Most of the new databases being created on platforms like Neon (recently acquired by Databricks) are already spun up by AI agents. This is the new baseline for enterprise AI.
Conversational Analytics Is Becoming the New BI Entry Point
Conversational analytics, or GenBI, is technology that allows users to have natural language conversations and find answers from their data. While some organisations may choose to develop this layer over their existing disparate data sources, Databricks includes built-in functionality.
With Genie, business teams can ask questions in natural language and receive dashboards and reports, along with explanations. For example, during the event demo, a marketing lead persona asked Genie which tactics drove the most qualified leads last quarter, and received an instant narrative summary with supporting charts and tables. The user could also ask follow-up questions and give more system feedback.
For larger decisions, AI research agents can generate data-backed recommendations tied directly to source tables. This is the kind of context necessary for executive decision-making.
For enterprises, conversational BI unlocks three major shifts:
Analytics becomes accessible to everyone, and the data team stops being a bottleneck.
Faster, deeper decision cycles as follow-on questions become instantaneous, avoiding week-long request cycles.
Central governance with self-service autonomy encourages data use across the organisation without running into compliance trouble.
At V2 AI, we built our GenBI accelerator almost a year ago and have been helping several clients implement GenBI both within (connecting with Databricks Genie) and outside of Databricks.

Tried-and-Tested Governance and Technology Principles Still Apply
A recurring message from the AI demos on show was that even as AI capabilities accelerate, the foundations of successful enterprise delivery haven’t changed. In fact, they matter more than ever. Simplicity, governance, and architectural discipline are what turn AI from a promising experiment into a dependable part of core operations.
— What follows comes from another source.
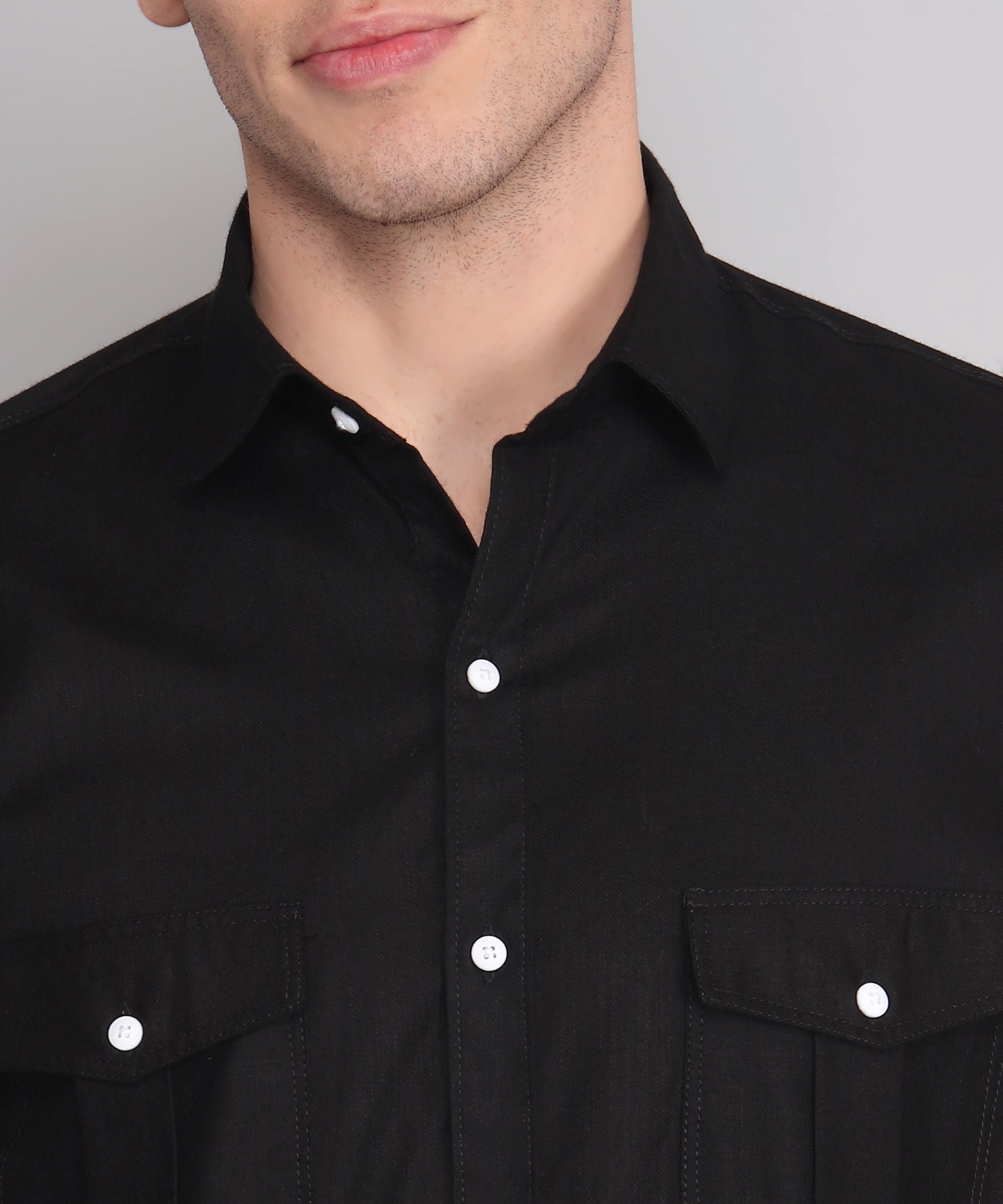 a man wearing a black shirt and glasses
For example, National Australia Bank (NAB’s) Ada platform demo presented a practical blueprint for how large, regulated organisations can modernise responsibly. Their approach was built on clarity and discipline:
A streaming-first pipeline
A deliberately simple tech stack (Fivetran + Databricks + PowerBI)
A strong commitment to cloud-native patterns over bespoke infrastructure.
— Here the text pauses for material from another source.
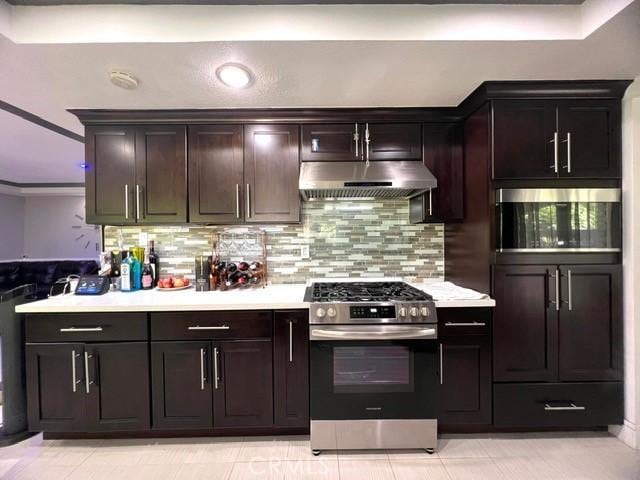 2163 N Justin Ave N, Simi Valley, CA 93065 - kitchen featuring gas range, under cabinet range hood, tasteful backsplash, and light countertops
With clean, governed, and consistently flowing data, NAB is powering use cases like knowledge management, financial crime detection, and personalised customer journeys.
This “make the data layer boring” philosophy is exactly what AI needs to perform reliably. The lesson from FSI is simple: innovation accelerates when guardrails of governance, transparency, and controllability are treated as foundational.
Conclusion — Accelerating Real-World AI Deployment
OpenAI’s Head of GTM in ANZ, Satya Tammareddy, highlighted in her opening keynote that real acceleration in AI comes from bringing frontier models directly to where enterprise data already lives. Australia and New Zealand are already proving to be AI-forward markets, with strong momentum across enterprises, developers, and everyday usage.
With the technical foundations now in place, the differentiator is the business outcomes you choose to deliver with AI. The fastest path forward is simple: start with the use cases that matter, use the data you already have, and iterate until value becomes repeatable.